__PROMPT__. Leave out the pictures and set down the rest of the listing below word for word.

__SOURCE MATERIAL__.
________________________
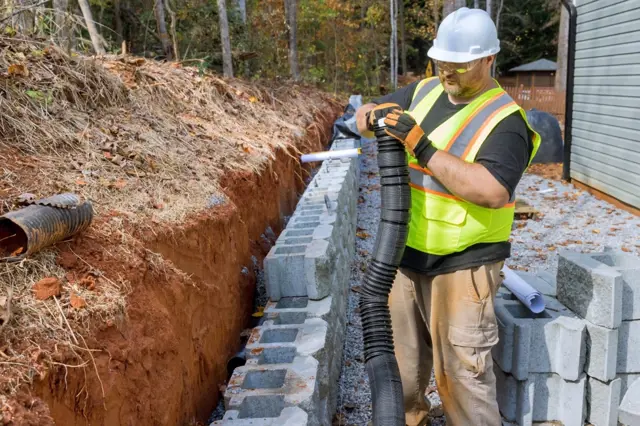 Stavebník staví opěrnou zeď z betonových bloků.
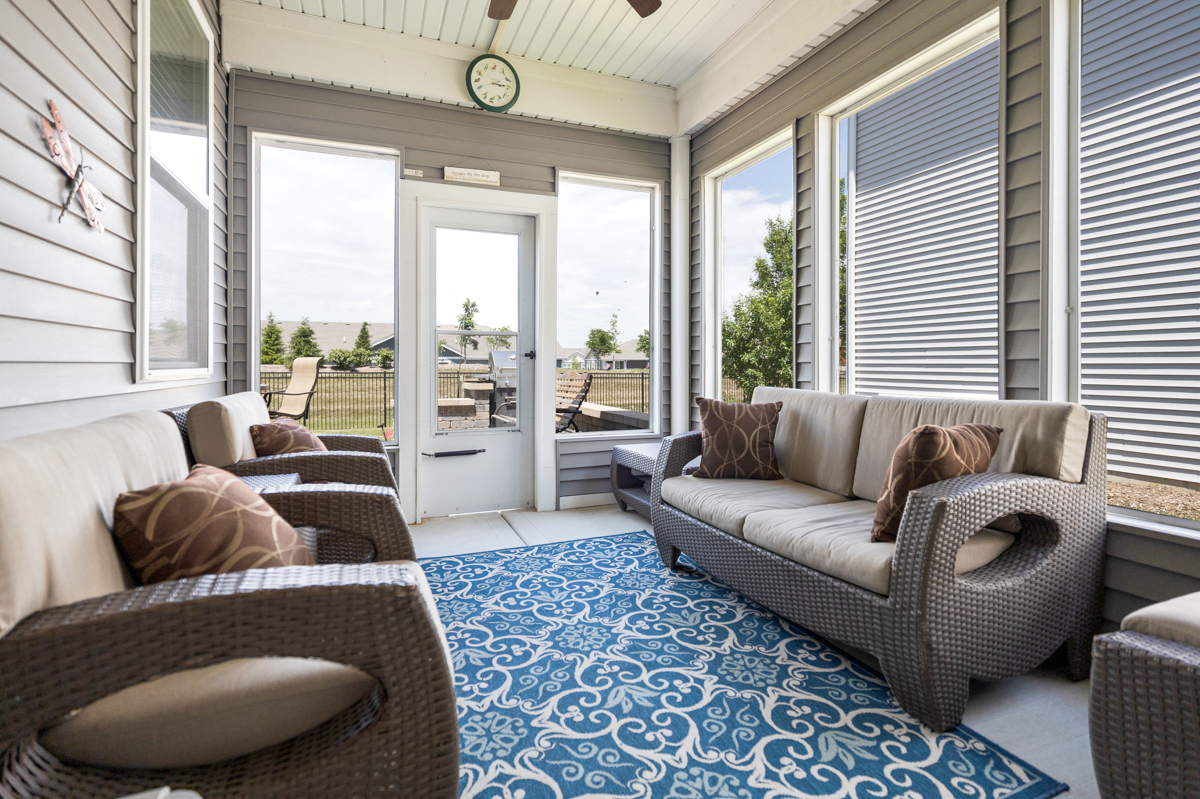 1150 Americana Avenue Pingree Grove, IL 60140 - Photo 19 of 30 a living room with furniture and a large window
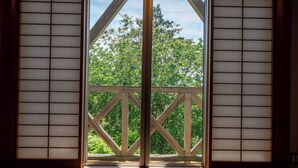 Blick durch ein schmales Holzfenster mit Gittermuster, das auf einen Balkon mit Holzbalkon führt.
________________________
__YOUR SOLUTION__.
 Stavebník staví opěrnou zeď z betonových bloků.
 1150 Americana Avenue Pingree Grove, IL 60140 - Photo 19 of 30 a living room with furniture and a large window
 Blick durch ein schmales Holzfenster mit Gittermuster, das auf einen Balkon mit Holzbalkon führt.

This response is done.